Murray's lawyer Ed Chernoff declined to comment.
``AEG hired, directed, controlled and demanded Dr. Conrad Murray, a medical doctor, to medicate Michael Jackson, provide Jackson with dangerous medical services, and to give Michael Jackson controlled substances and other drugs without providing cardiopulmonary resuscitation equipment or nursing assistance as it had promised in writing it would provide,'' the complaint states.
Murray's request for the CPR equipment was first made to a concert tour business manager, an e-mail message shows. The complaint states Murray also requested a nurse, and the doctor's proposed contract called for AEG to hire a ``qualified assistant medical person.''
The request was later mentioned in Murray's proposed contract. The language stated AEG ``shall provide Dr. Murray for his use during the term with medical equipment requested by Dr. Murray to assist him in performing the services as approved by (AEG).''
The equipment is described as a ``portable cardio pulmonary resuscitation unit ('CPR Machine'), saline, catheters, needles, a gurney and other mutually approved medical equipment necessary for the Services.''
The complaint states Murray signed the document a day before Michael Jackson's death.
Murray had known Jackson and treated him and his children occasionally in recent years, the doctor's attorney has said and the complaint states.
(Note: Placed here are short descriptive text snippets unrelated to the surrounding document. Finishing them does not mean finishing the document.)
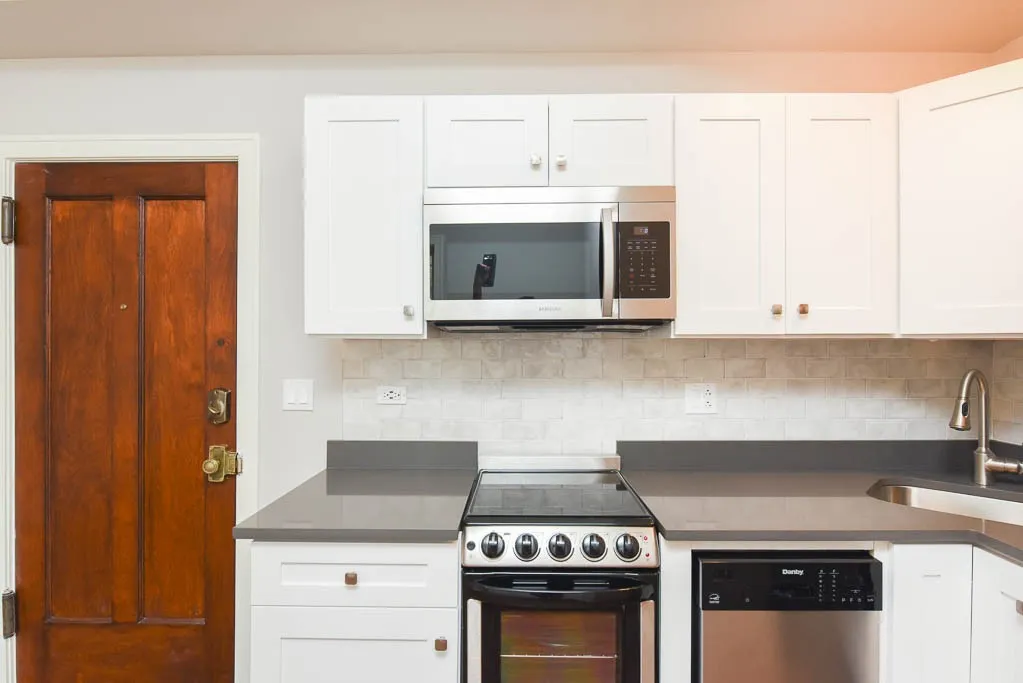 640 W Wrightwood Ave, ,  60614, USA 60614-unit#109-Chicago-IL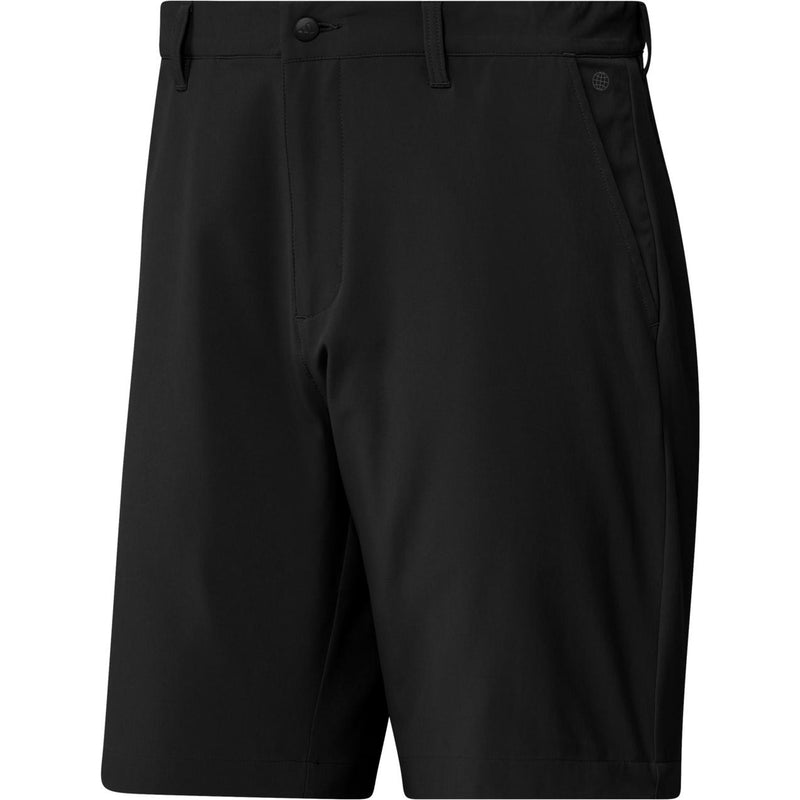 Adidas Ultimate365 Shorts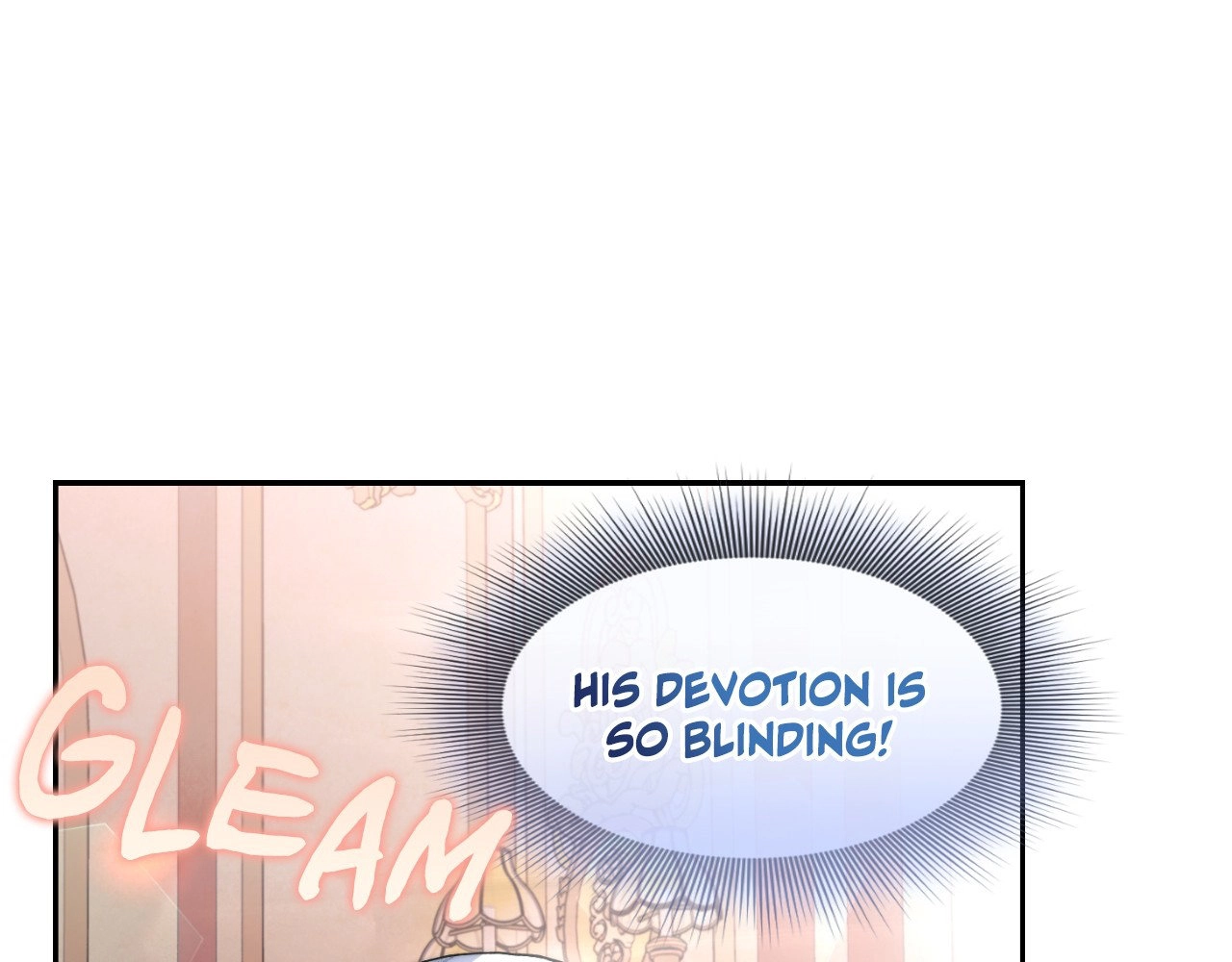 Lucia chapter 138 page 95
The AEG agreement would have covered Murray's work while Jackson was preparing for the London shows and throughout the concerts last summer.
An e-mail sent to Murray during the negotiations explained a delay in the contract's drafting because it was a ``rare event'' for a physician to be hired to care for a singer on tour.
E-mails also show the contract was still being reworked two days before Jackson's death, which happened a week before he was to travel to London for the ``This Is It'' shows.
A spokeswoman for the California Medical Board said complaints filed to the agency are confidential unless it takes any action. The board receives 8,000 complaints a year, according to its website.
Joe Jackson's attorney, Brian Oxman, confirmed he filed a complaint with the California Medical Board but declined to discuss it.
In his complaint, Joe Jackson -- who has repeatedly criticized AEG Live since shortly after his son's death -- accuses the promoter of agreeing to pay Murray vastly more than he was making so that it could exert control over his medical decisions.
Joe Jackson's filing cites a 2008 income declaration by Murray in a child support proceeding in which the cardiologist stated he earned only $3,300 per month. The Jackson family patriarch is also contemplating a wrongful death lawsuit against Murray.